I don’t know what this is anymore. What we’re doing; what I’m doing? I blame myself. Somehow I always get myself caught up in a mess, crazy thing is this is far from messy but even further from spotless.
I remember what you said to me, even if it was jokingly it still hit a nerve. It’s whatever though. What’s happening to them you see happening to us, it’s like you’re waiting on me to fuck up and for me to take the blame so you can trash talk me, grab your shit and head merrily on your way. Why wait so long? Just cut it short and get it over with because I don’t want to have to wait anymore.

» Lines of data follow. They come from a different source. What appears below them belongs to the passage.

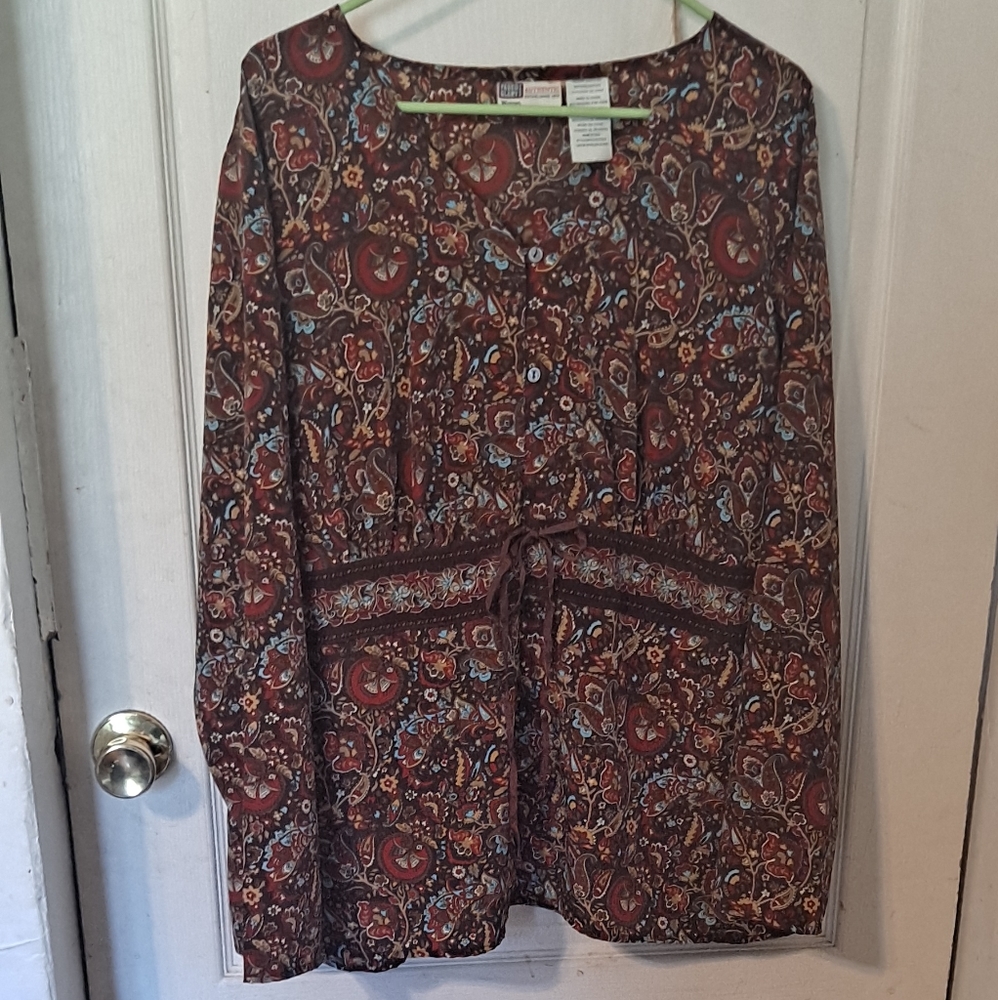 Plus size top 22/24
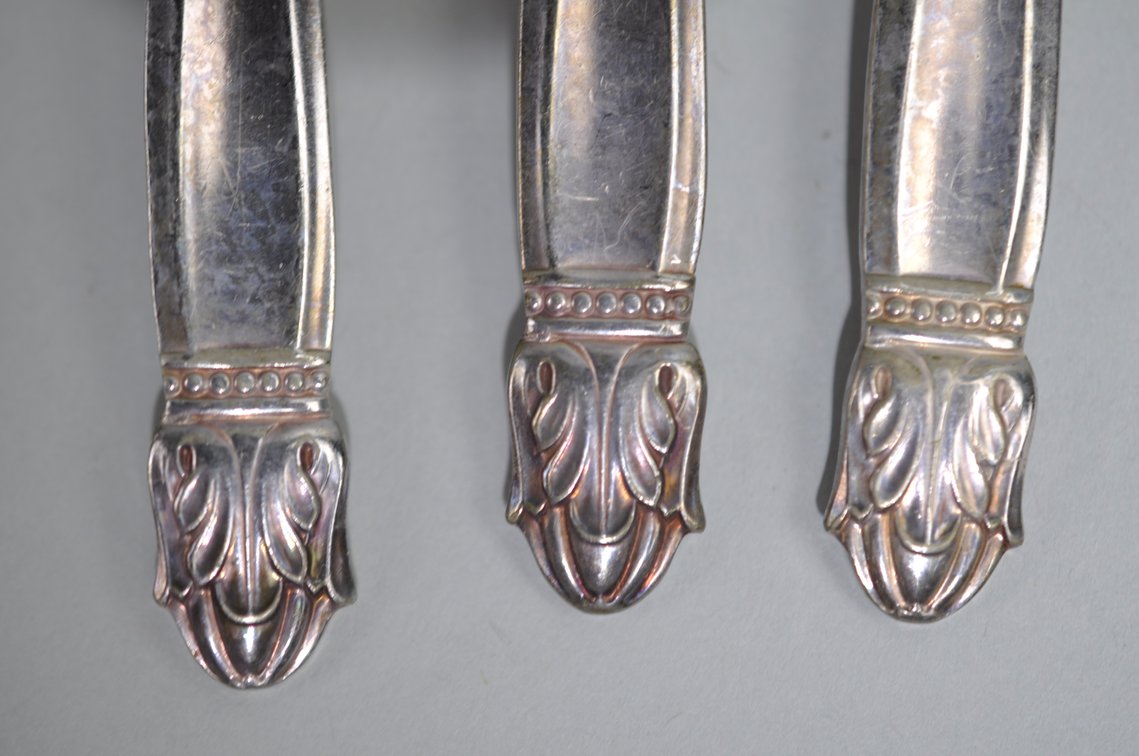 Holmes and Edwards Silverware Set w/ Case, photo 15 of 41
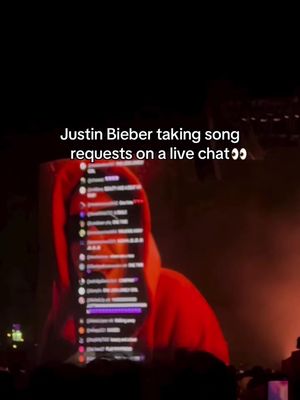 Justin Bieber takes song requests from live chat at Coachella 👀 @itgirl #justinbieber #coachella 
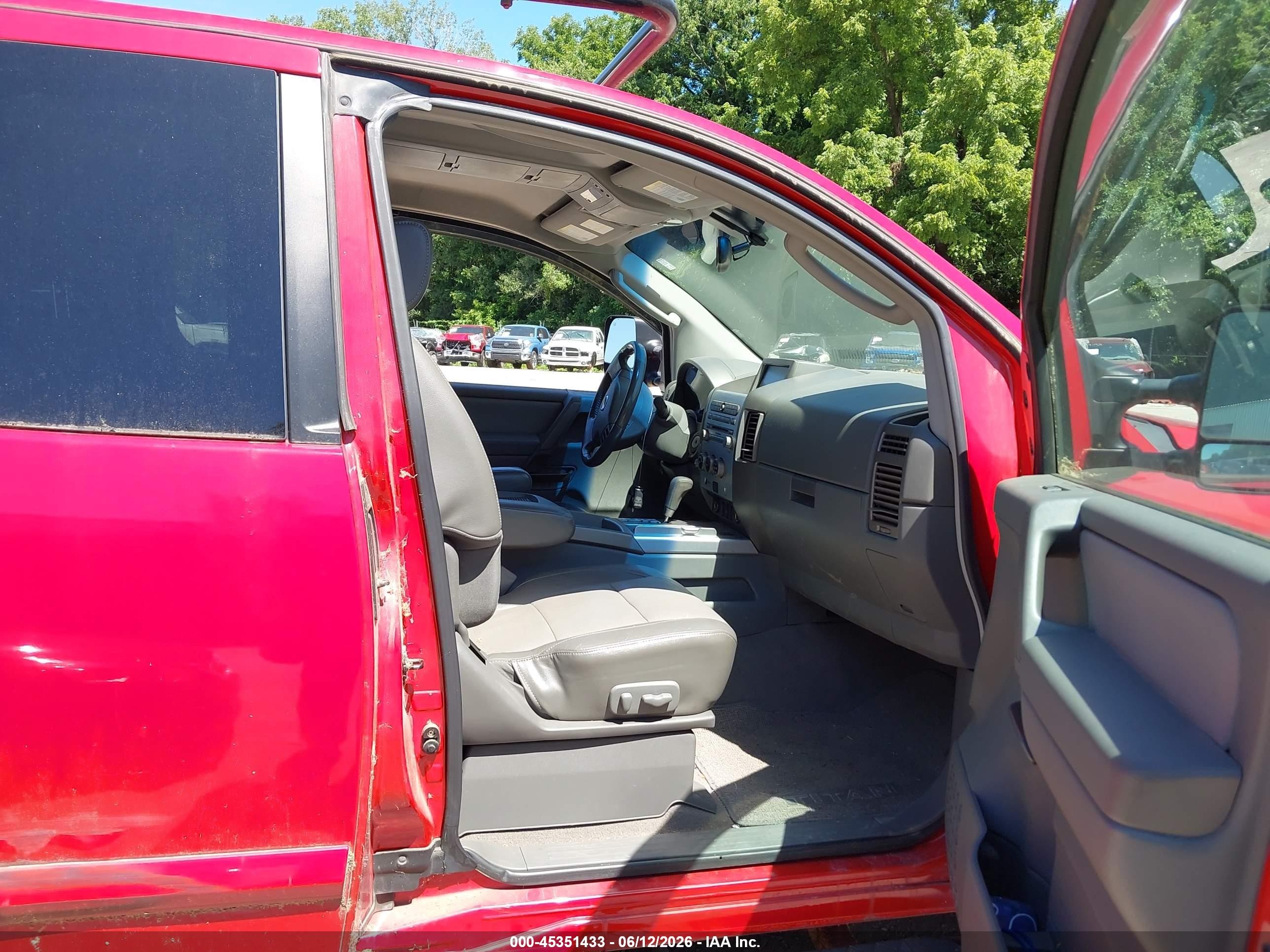 2005 Nissan Titan Le Red vin: 1N6BA06B15N550894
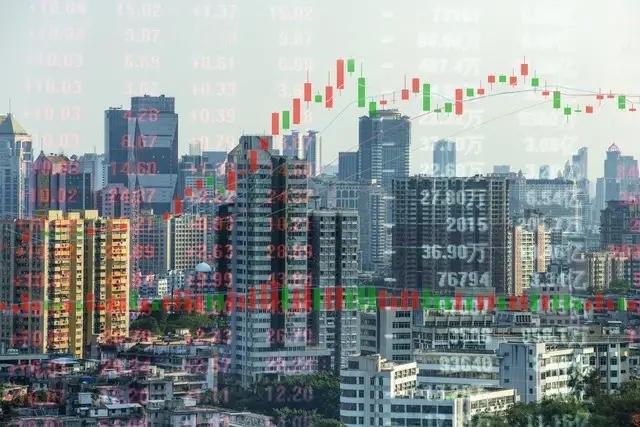 最近后台全被股民朋友的留言刷爆了，清一色都在问2026年A股能不能延续今年的强势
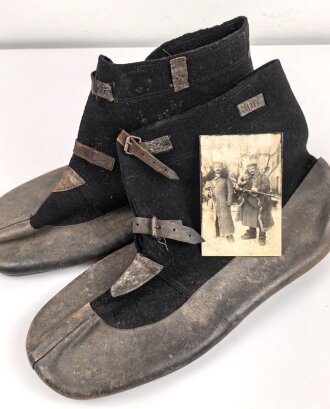 1.Weltkrieg, Paar Winter Überschuhe schwarzer Filz/ Leder. . Ungereinigt, Sohlenlänge 38cm. Anbei ein originales Foto im Ansichtskartenformat.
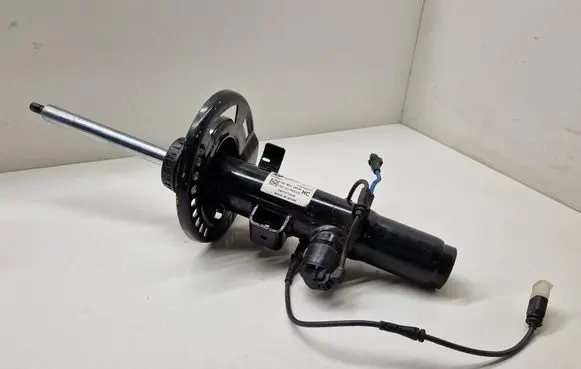 BMW i4 Front shock absorber/damper 6886253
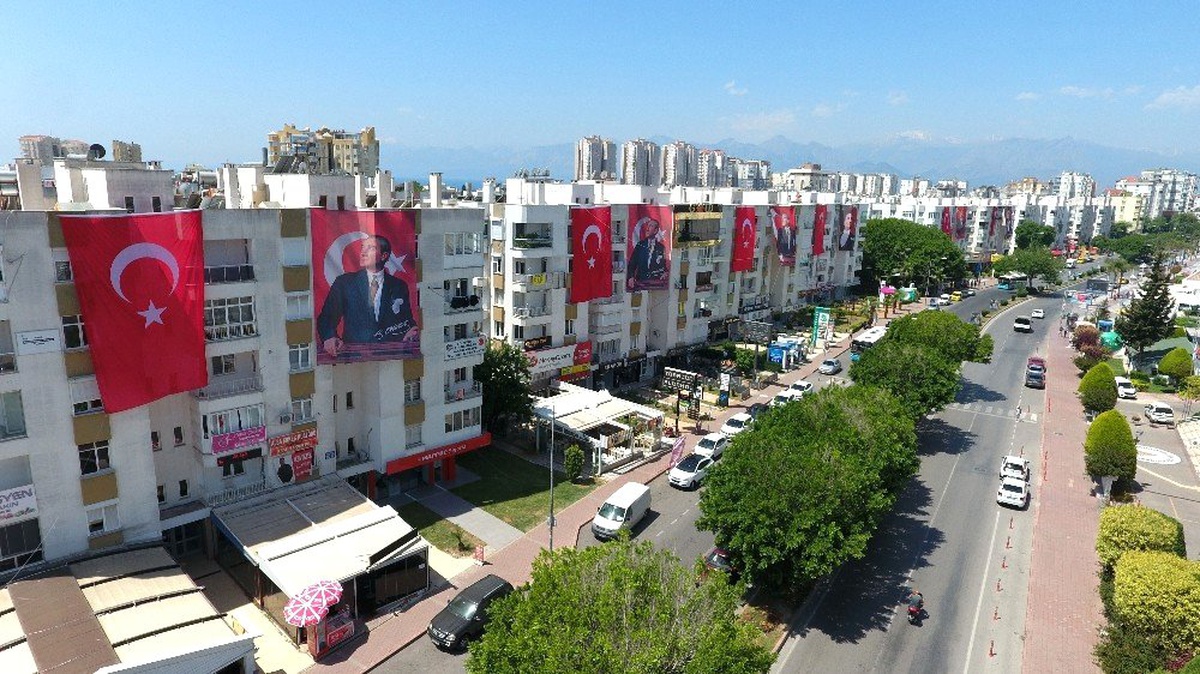 Tekelioğlu Caddesi Türk Bayrakları ve Atatürk Posterleri ile Donatıldı.
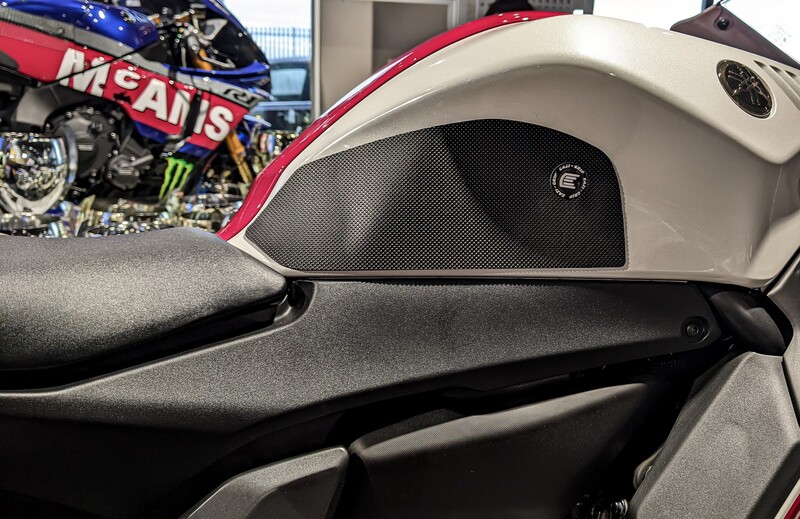 Kit grip de réservoir R&G RACING Eazi-Grip Pro - noir 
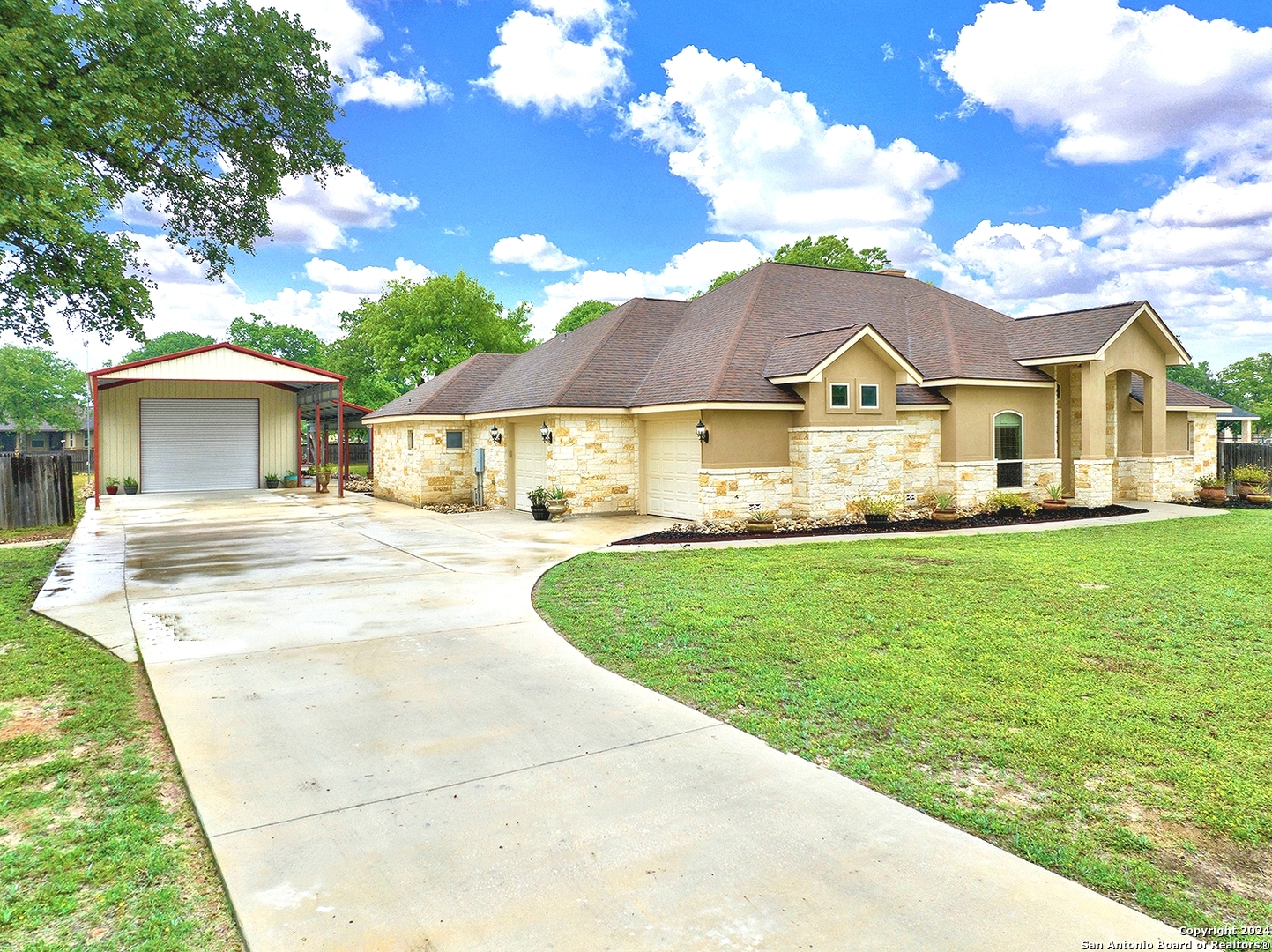 Photo of 251 Abrego Lake Dr in Floresville, TX
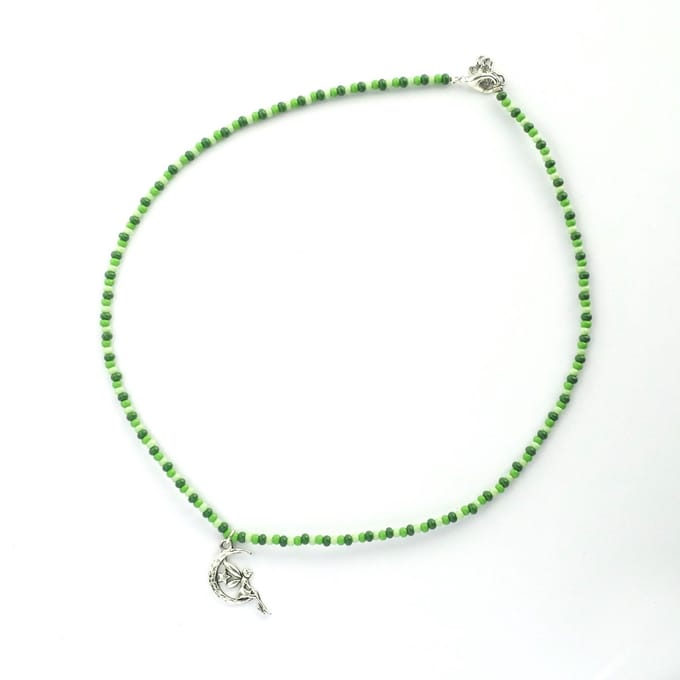 Ketting in groentinten met Maan/Ster/Elfje hanger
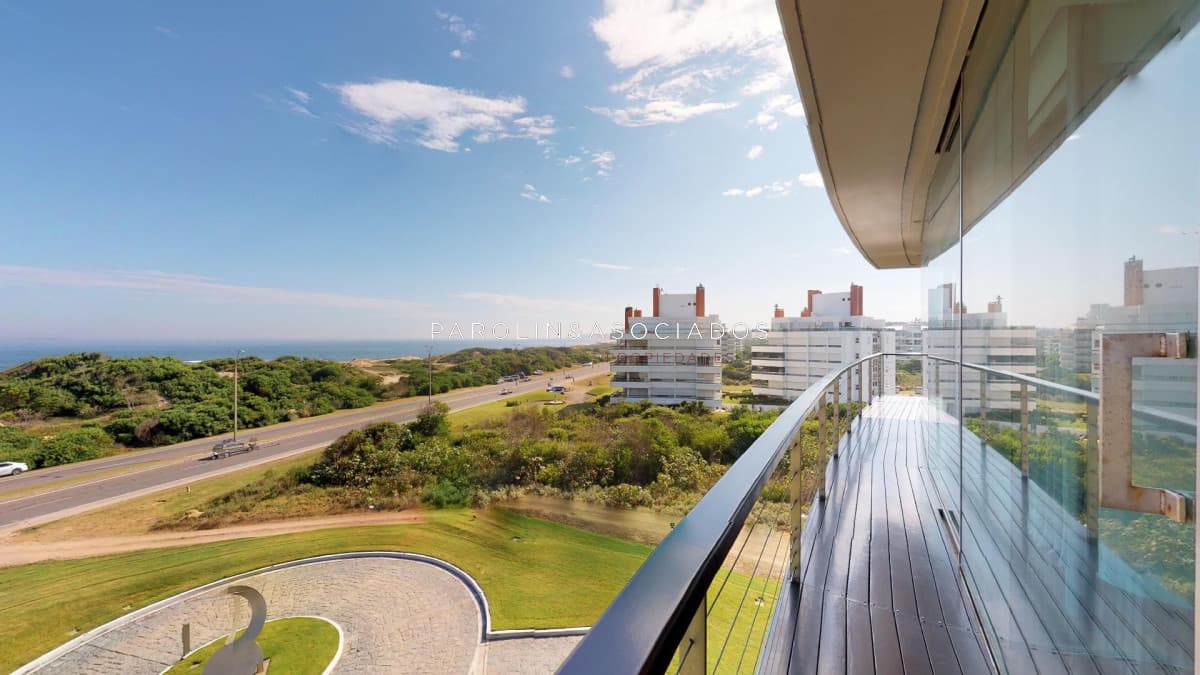 Apartamento en venta en Grey Stone, Punta del Este.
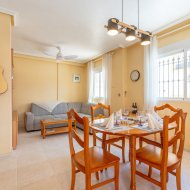Reventa - Chalets -
Orihuela Costa - La Zenia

My suitcase is halfway packed and my heart beats irregularly like it’s trying to tell me I’m making a mistake. Am I? This isn’t new, it’s starting to feel like everything I’ve ever knew except you’re not hitting me and my mouth is allowed to flare at anytime.
After I come visit for the holidays, our “i love you’s” will turn into “i hate you’s” and “I want you to leave”.
Maybe I’m too sensitive, too thoughtful, too desperate.
You second guess things that make you paranoid. Soon it’ll come down to me being questioned 24/7, you badgering me because of my past, never trusting me like you should.
I don’t know what’s right anymore.
Nothing makes sense and this is becoming far past pointless.
More like I’m wasting your time, here I am stuck in second guesses.